03-15-2016 05:52 AM
Well, I have never come across this format before, but doing some searching I found this:
Is this what you mean by copybook format, it looks a bit like it. If so I would start with this, where did you get the file - the reason being is it looks like all carriage returns have been removed. This makes reading the file that much more difficult, and indicates that it came from a Unix system - it will make your life much easier if you go back to that original file and transfer it using binary mode to preserve the carriage returns.

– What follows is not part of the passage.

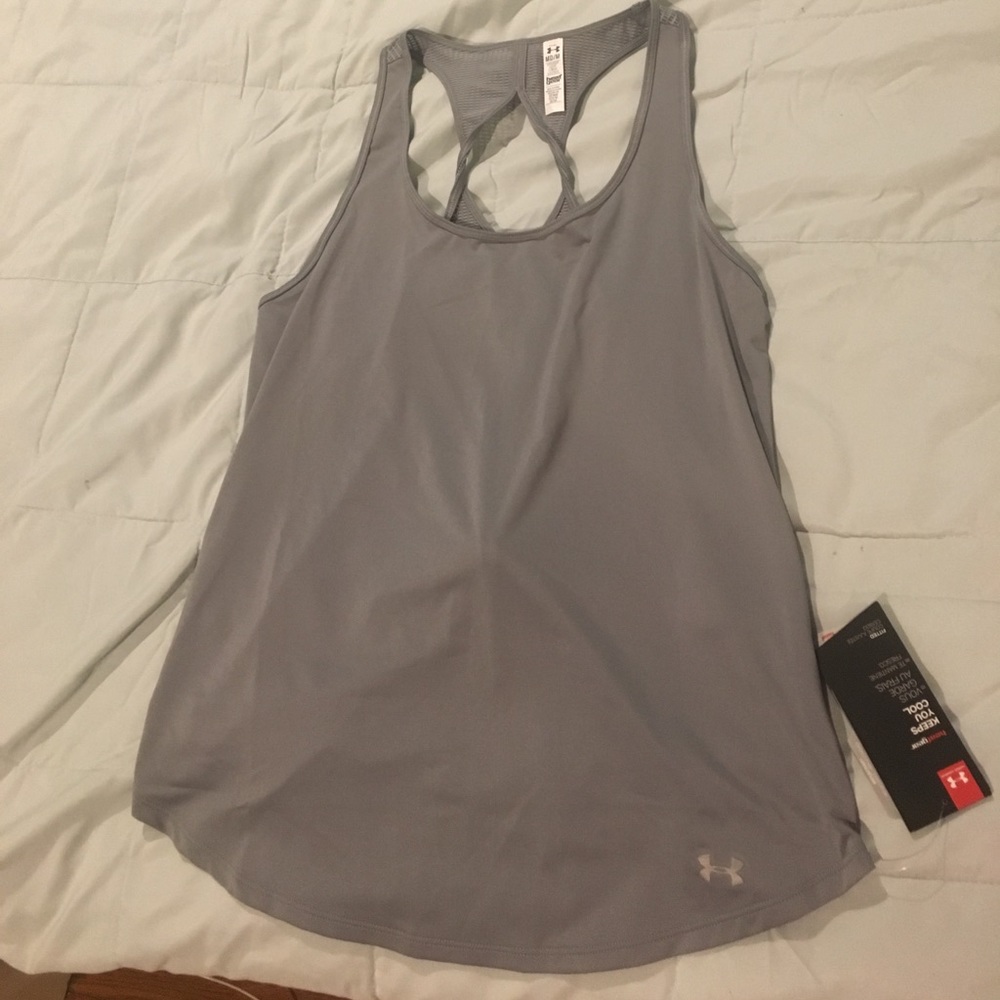 NWT Under Armour Gray Workout Tank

Secondly you appear to be missing the specification for the file, example E1 in that link, which details the file structure. Without that your guessing and its going to be quite difficult to process the data, if we had the spec for it, then the code is easier to write, simply take each character at a time for each block, but without it, so for example this line:
FILHDR14-02-2016 03:32:281394 ALH DC 003000252 TRNHDR000000RECHDR211 1ACMT
I assume that the first field is FLHDR, is it always that length, what does it mean, I assume that up to 2016 is a date, and then a time, then ALH. Then there is a big gap to DC, is this a new record, how does it fit in etc? So you see without knowing what the output should look like I am just guessing. If you want to read the file, then you can loop over character by character,
using input a $char.;, and there may be better ways depending on what its supposed to look like.
03-15-2016 06:40 AM
03-15-2016 06:13 AM
data new; infile "$HOME/FI2016021301394.dat" dsd truncover recfm=f lrecl=100 end=done; length a $2000 a1 $100 b $2000; retain a; x = index(a,'ACMT'); do while (x = 0); input a1 $3000.; a = trim(a) !! a1; x = index(a,'ACMT'); end; do while (x > 0); b = substr(a,1,x-1); output; a = substr(a,x+4); x = index(a,'ACMT'); end; keep b; if done then do; b = a; output; end; run; data new4a; set new (firstobs=2); length c1-c100 $100. ; array c(100) c1-c100 ; do i=1 to 100; c(i)=scan(b,i,'^T'); end; keep c1-c23; run;
The first step reads the data in blocks and builds lines.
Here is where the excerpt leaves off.